Brief descriptive captions:
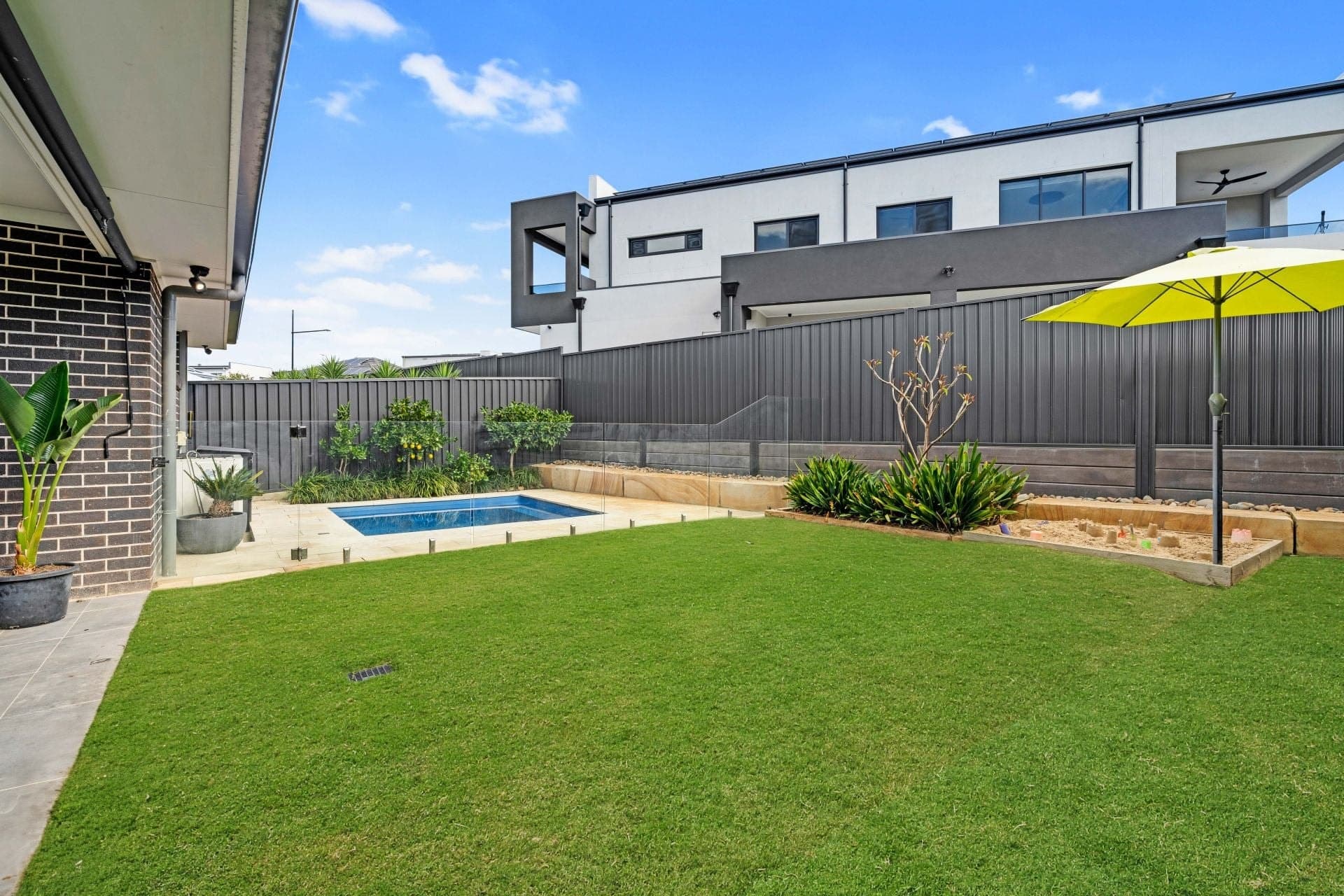 24 Poulton Terrace, Campbelltown, Campbelltown - Thumbnail 5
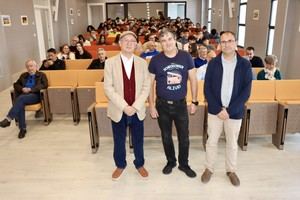 Mecánica cuántica en el Viernes Científico 121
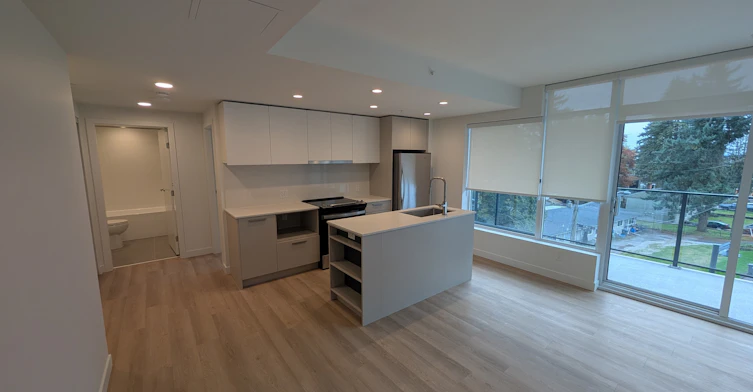 404-13740 Fraser Highway, Surrey, BC, V3T 4J3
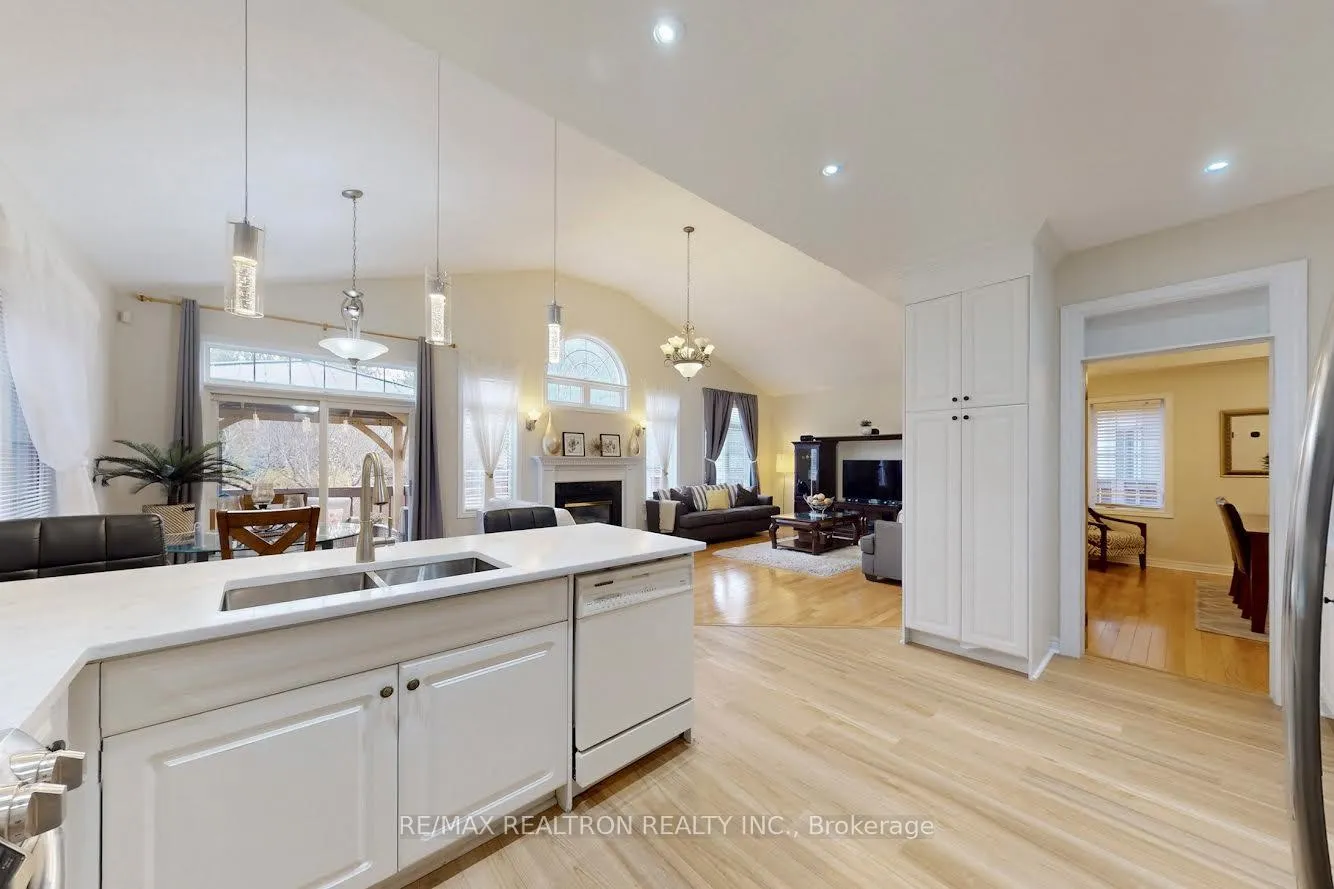 Photo 10 of 6766 Tattinger Avenue, Mississauga, Meadowvale Village — HOMEH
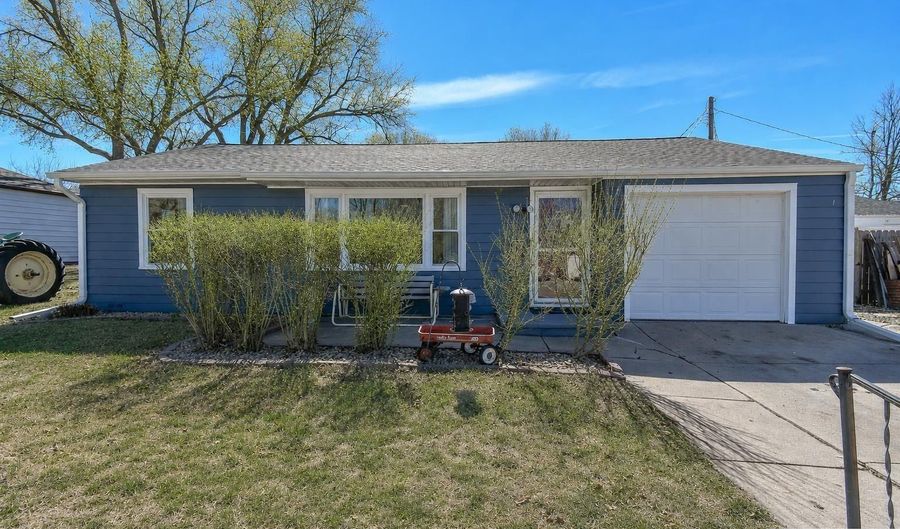 1309 Grant St, Beatrice, NE 68310 - 2 Beds, 2 Bath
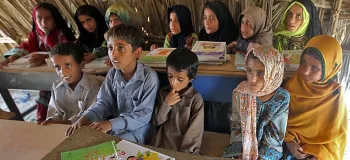 نامه تکان دهنده دانش آموز بلوچ برای پدر و مادرش !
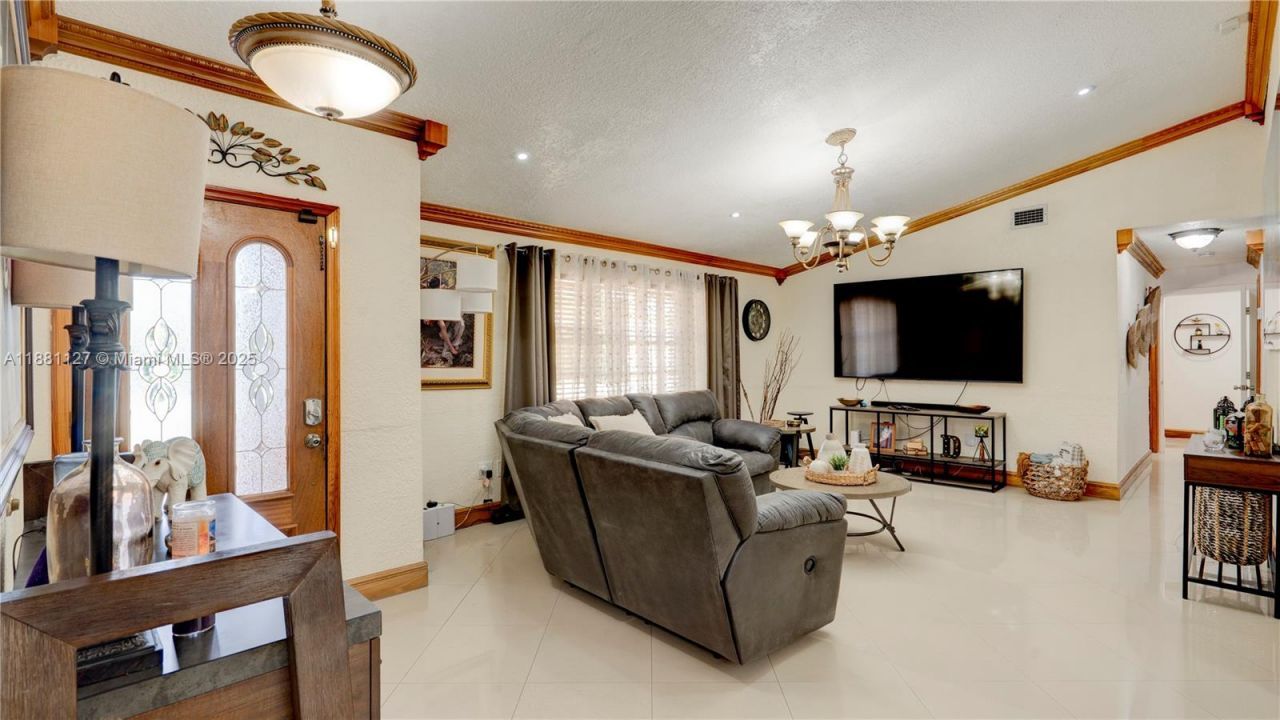 18501 SW 130th Ave, Miami, FL 33177 Photo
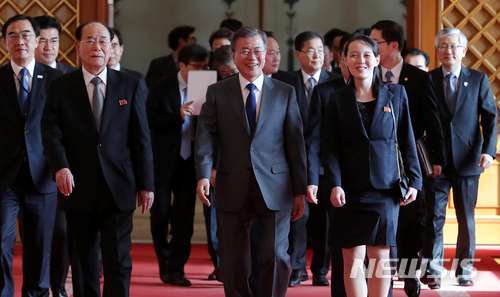 【서울=뉴시스】문재인 대통령이 10일 청와대 본관 충무실에서 김영남 최고인민회의 상임위원장, 김여정 노동당 중앙위원회 제1부부장 등 북 고위급 대표단과 오찬을 마친 후 로비로 나서고 있다. 2018.02.10. photo1006@newsis.com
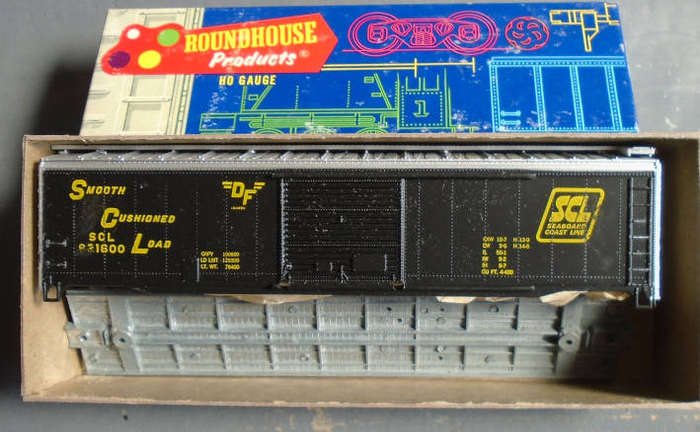 ROUNDHOUSE HO SCALE - SCL 50' BOX CAR KIT - BOXED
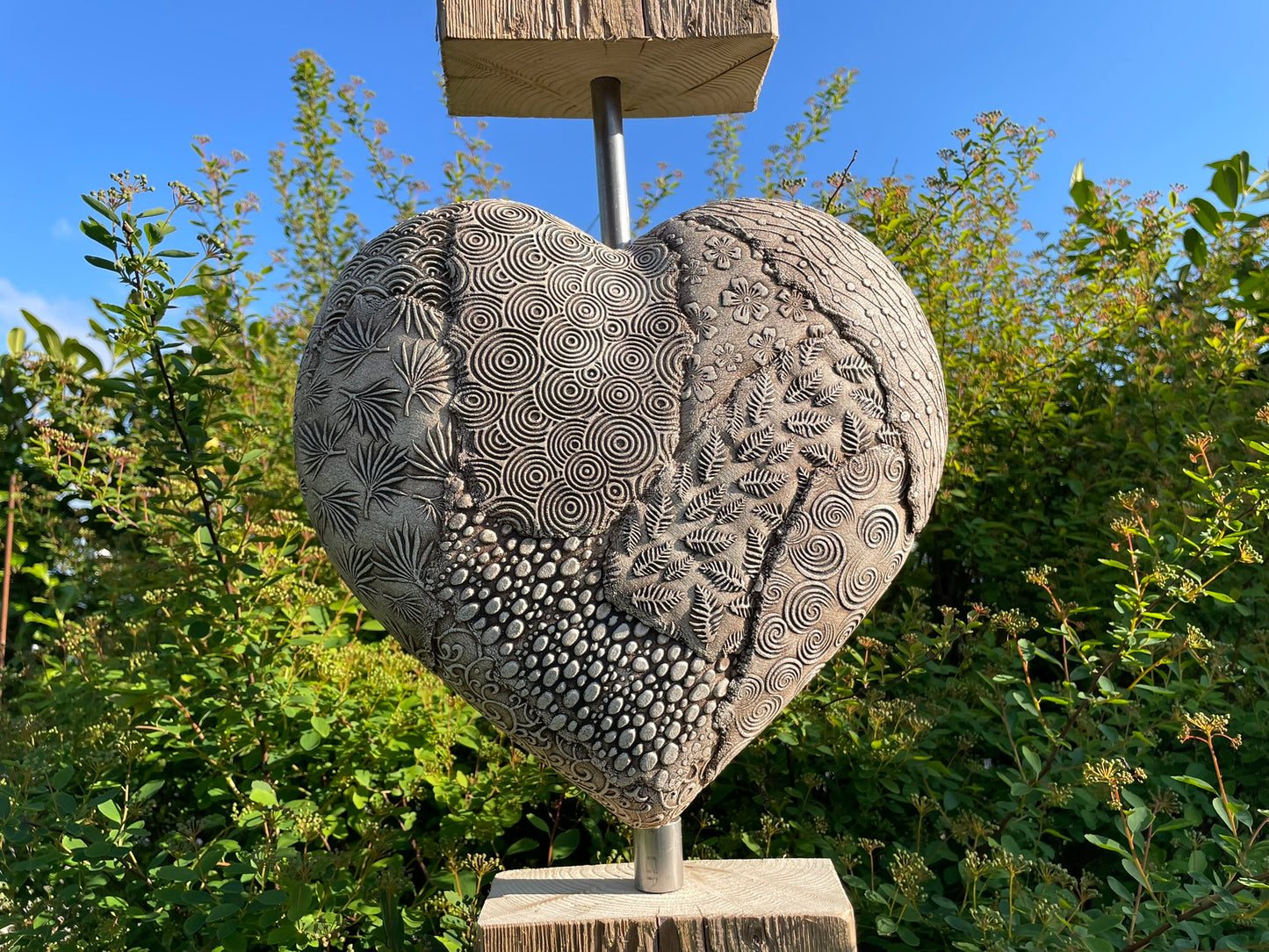 Herz mit Holzsäule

Instructions for the task:
Exact copy, no pictures. Write out the lines in the entries above, starting with the line with "Mecánica cuántica en" and going on through the line with "1309 Grant St, Beatrice, NE", keeping both.

Problem solution:
 Mecánica cuántica en el Viernes Científico 121
 404-13740 Fraser Highway, Surrey, BC, V3T 4J3
 Photo 10 of 6766 Tattinger Avenue, Mississauga, Meadowvale Village — HOMEH
 1309 Grant St, Beatrice, NE 68310 - 2 Beds, 2 Bath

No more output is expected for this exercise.